Un video con i volti di chi, durante l’anno, con la propria testimonianza e partecipazione, ha contribuito a far capire quanto l’impegno sociale sia alla base di un vivere civile. È il ringraziamento che la Rai, nella fattispecie il programma “Insieme con…”, ha voluto inviare ai tanti ospiti intervenuti nello spazio condotto da Paola Severini Melograni, tra cui il presidente di AVIS Nazionale, Gianpietro Briola.

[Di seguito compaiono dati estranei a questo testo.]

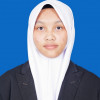 Picture of Permata Balqis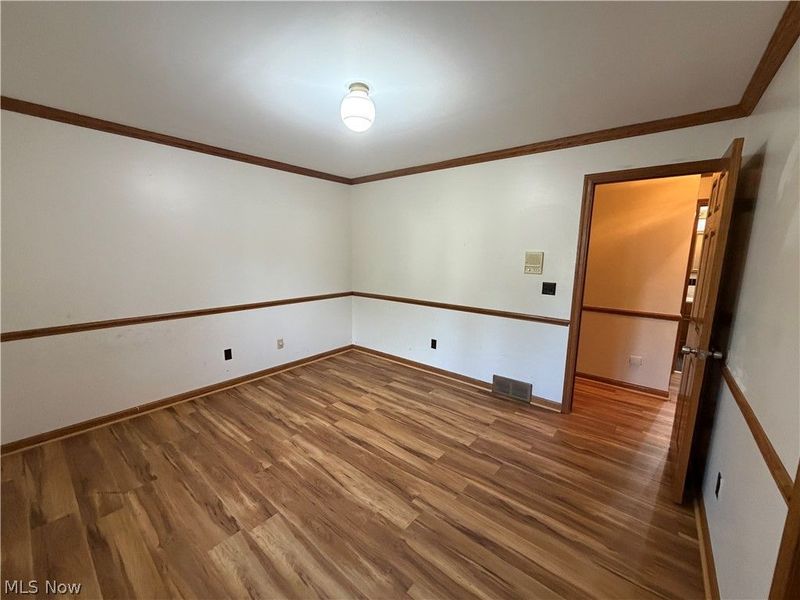 1088 Lander Road , Highland Heights, OH 44143 Photo 13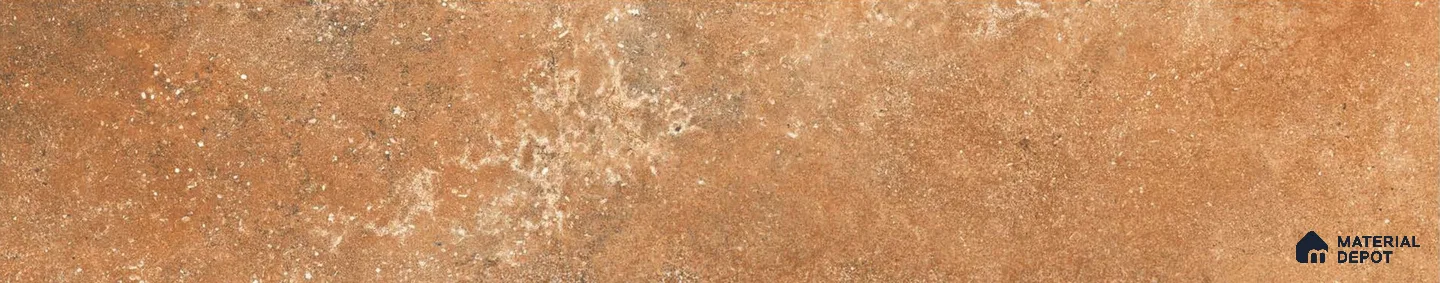 TL 03065 Digital Glazed 1000 x 200 mm Wood Strip Matte Finish Vitrified Floor Tile - 9 mm | 2-3 mm Spacer is Mandatory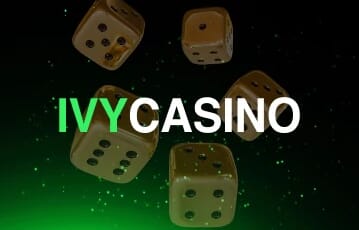 Ivy Casino Pro Contra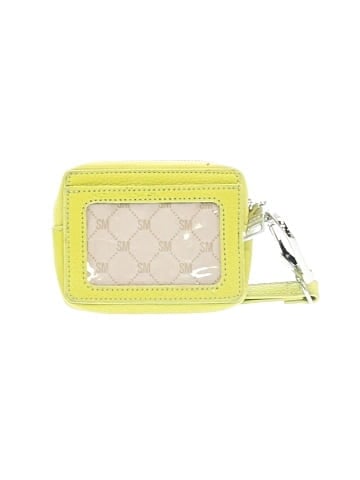 Steve Madden Wristlet (view 2)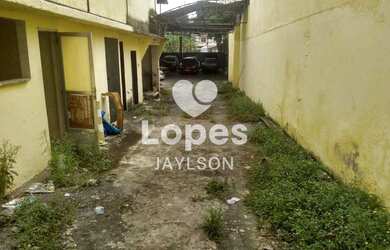 Imagem 3: Galpão - Piedade. 577m² de Área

Una trasmissione che, non a caso, come sottotitolo ha “Rai per il Sociale” e che ha accolto persone fragili e familiari durante la pandemia, un periodo ancor più difficile per chi, già quotidianamente, ha bisogno di risposte e assistenza. L’obiettivo del programma è, attraverso il coinvolgimento di operatori del settore, associazioni e protagonisti di particolari situazioni di fragilità sociale, quello di far sentire il sostegno dell’intera comunità nazionale a chi ne ha più bisogno.

«Il Tavolo Sociale della Rai ha messo in campo un grandissimo impegno grazie ai quattordici direttori che lo compongono, e in particolar modo al coordinatore Giovanni Parapini e al vice coordinatore, Roberto Natale – spiega la giornalista Paola Severini Melograni, che lo scorso febbraio moderò il convegno “Senza confini”organizzato a Padova da AVIS Nazionale – Questa strada è stata aperta da “O anche no”, il format sulla disabilità positiva. Un nuovo modo di fare comunicazione sociale in Rai, facendo diventare protagonisti quelli che una volta erano l’oggetto dell’argomento. E quindi possiamo dire che “Insieme con Rai per il sociale” è la start up di “O anche no”, da vicino nessuno è normale».

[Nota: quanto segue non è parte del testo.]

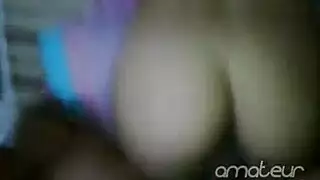 قصص بورن عن طالبات يمنيات جامعيات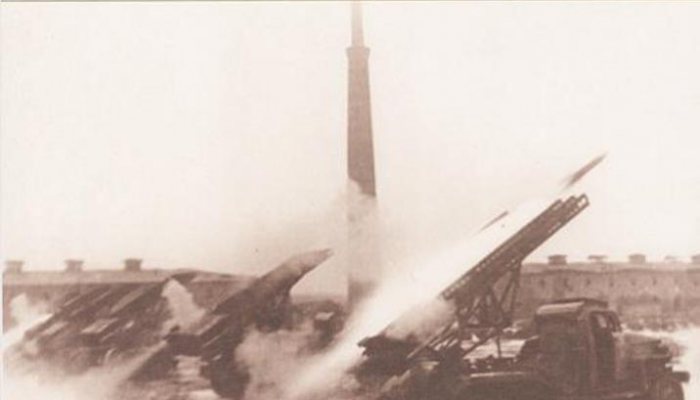 Katyusha - image {image:count}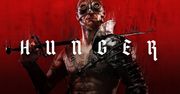 Pierwsze informacje o grze HUNGER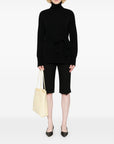 Wild Cashmere WILD CASHMERE Sweaters Black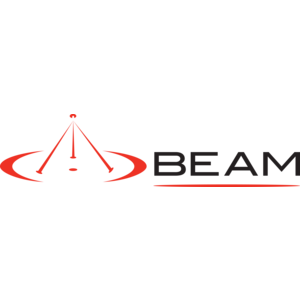 Beam Communications Logo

«Il fatto che la Rai dedichi uno spazio così di rilievo a tematiche sociali è per noi e per l’intero settore un fattore di grande importanza – spiega il presidente di AVIS Nazionale, Gianpietro Briola – La pandemia ha dimostrato ancora una volta quanto il mondo del volontariato sia prezioso nella nostra società soprattutto nei momenti più difficili e a sostegno di chi ha più bisogno. A nome di AVIS ringrazio la Rai e la dottoressa Melograni, con cui già in passato abbiamo avuto modo di collaborare, sperando che questa partecipazione da parte degli organi di informazione serva a non far sentire mai abbandonato nessuno».